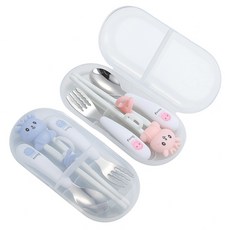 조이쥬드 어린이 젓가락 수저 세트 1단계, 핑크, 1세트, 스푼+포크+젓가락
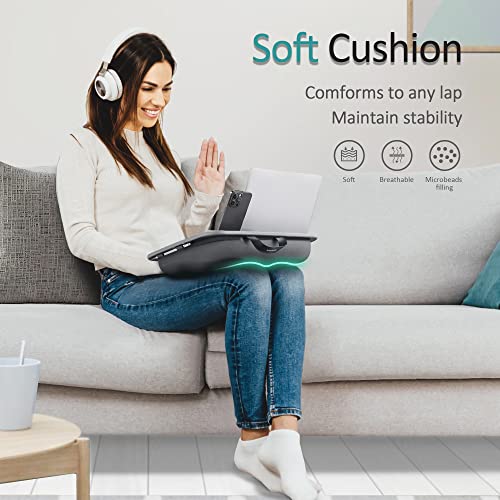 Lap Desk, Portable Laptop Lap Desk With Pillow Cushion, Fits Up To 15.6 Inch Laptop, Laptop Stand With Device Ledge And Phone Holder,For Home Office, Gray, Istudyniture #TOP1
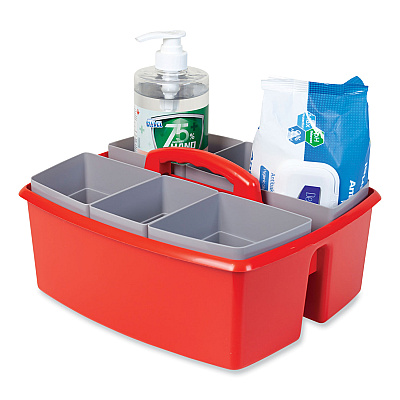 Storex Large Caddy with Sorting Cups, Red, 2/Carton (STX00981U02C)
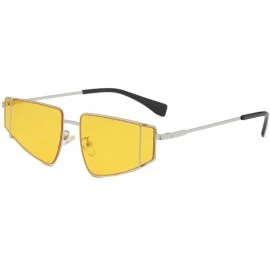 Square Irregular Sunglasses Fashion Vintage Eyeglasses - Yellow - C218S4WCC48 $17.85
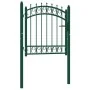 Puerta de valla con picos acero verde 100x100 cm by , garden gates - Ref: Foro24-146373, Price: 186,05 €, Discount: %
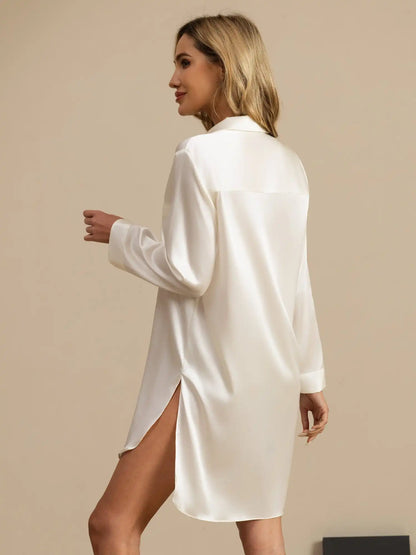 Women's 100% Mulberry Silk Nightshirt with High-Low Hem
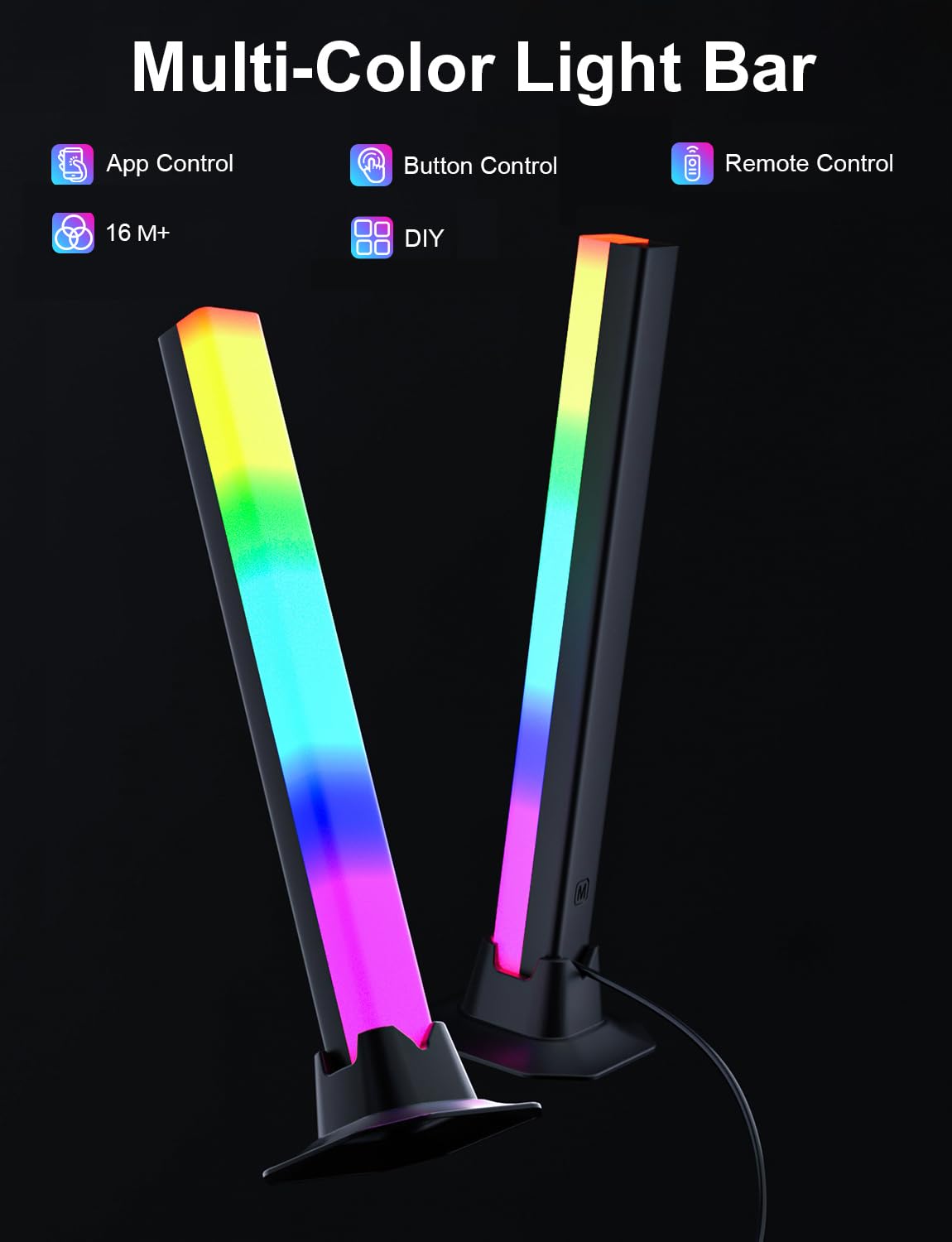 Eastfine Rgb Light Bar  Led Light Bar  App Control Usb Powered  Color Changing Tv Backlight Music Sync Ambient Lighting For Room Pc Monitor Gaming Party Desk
------------------------------------------------------------------------
Aim of the exercise —
Quote the material above exactly, from the line holding "Puerta de valla" through its last line, including both. Omit the pictures.

Written answer —
 Puerta de valla con picos acero verde 100x100 cm by , garden gates - Ref: Foro24-146373, Price: 186,05 €, Discount: %
 Women's 100% Mulberry Silk Nightshirt with High-Low Hem
 Eastfine Rgb Light Bar  Led Light Bar  App Control Usb Powered  Color Changing Tv Backlight Music Sync Ambient Lighting For Room Pc Monitor Gaming Party Desk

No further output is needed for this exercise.